* _The data_
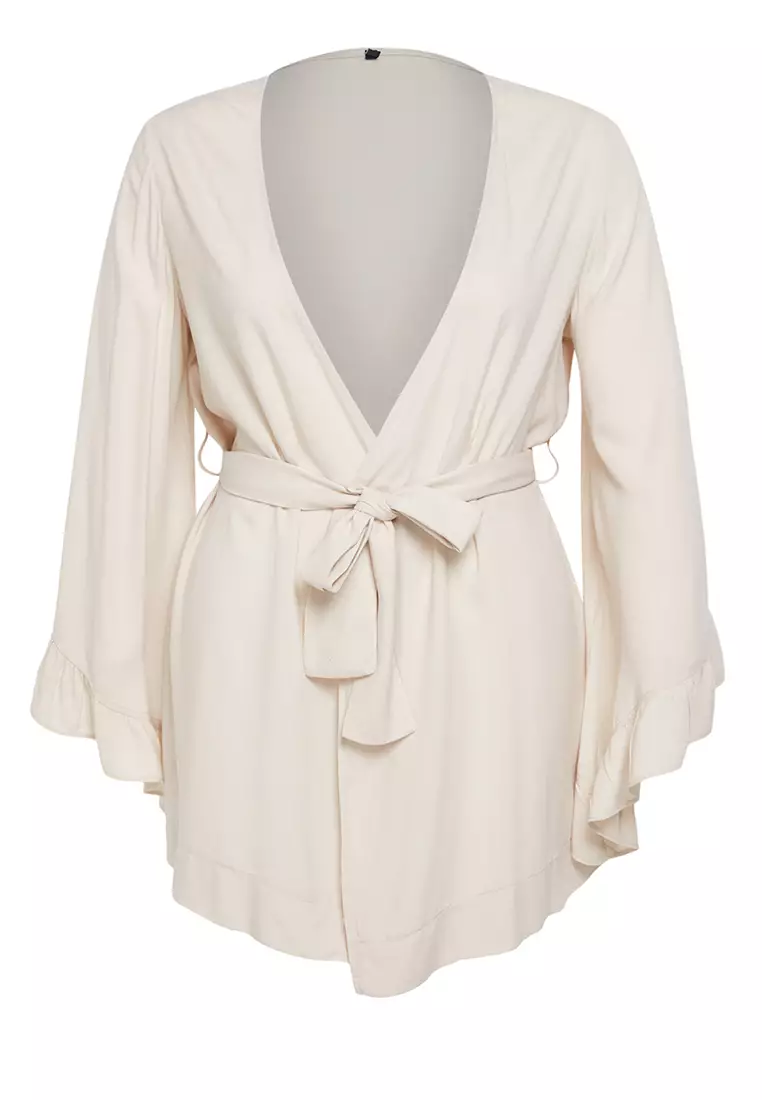 Ecru Sleeve Frilled Flounce Viscose Beachwear Woven Plus Size Kimono&Caftan TBBSS23DE00001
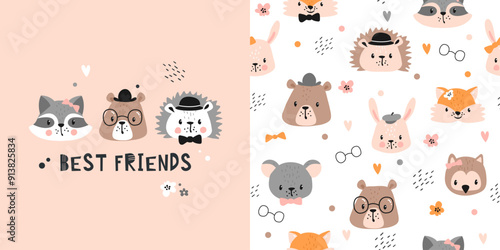 Сhildish pattern with cute forest animals. Baby shower greeting card. Zoo seamless background, cute vector texture for kids bedding, fabric, wallpaper, wrapping paper, textile, t-shirt print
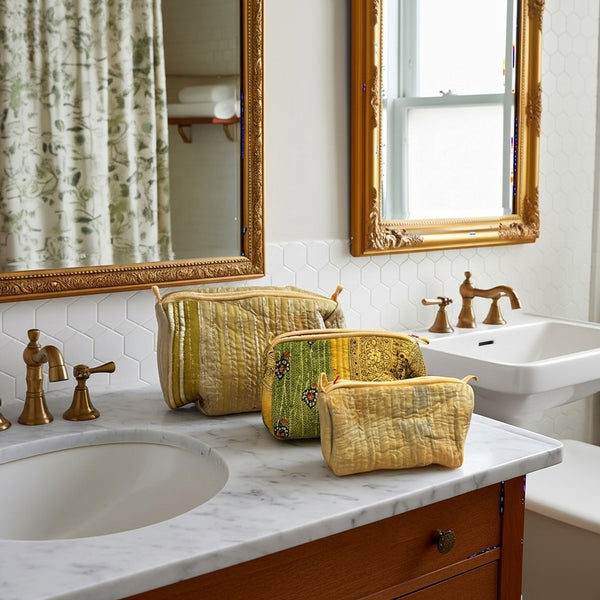 Nécessaire Indiana Kantha Quilt  - Kit com 3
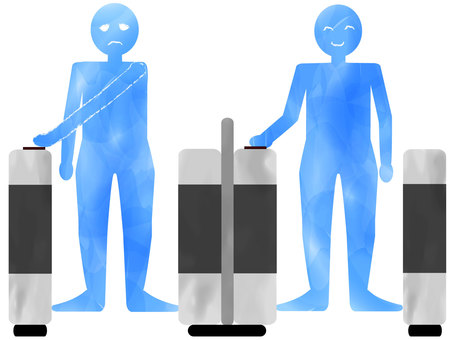 Right-handed automatic ticket gates are extremely inconvenient for left-handed people! Blue Right-handed automatic ticket gates are extremely inconvenient for left-handed people! Blue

* _Requirement_
Repeat verbatim the lines from the one with "Nécessaire Indiana Kantha" through the end of the listing above. Include both ends, add nothing, and exclude the pictures.

* _Response for this exercise_
 Nécessaire Indiana Kantha Quilt  - Kit com 3
 Right-handed automatic ticket gates are extremely inconvenient for left-handed people! Blue Right-handed automatic ticket gates are extremely inconvenient for left-handed people! Blue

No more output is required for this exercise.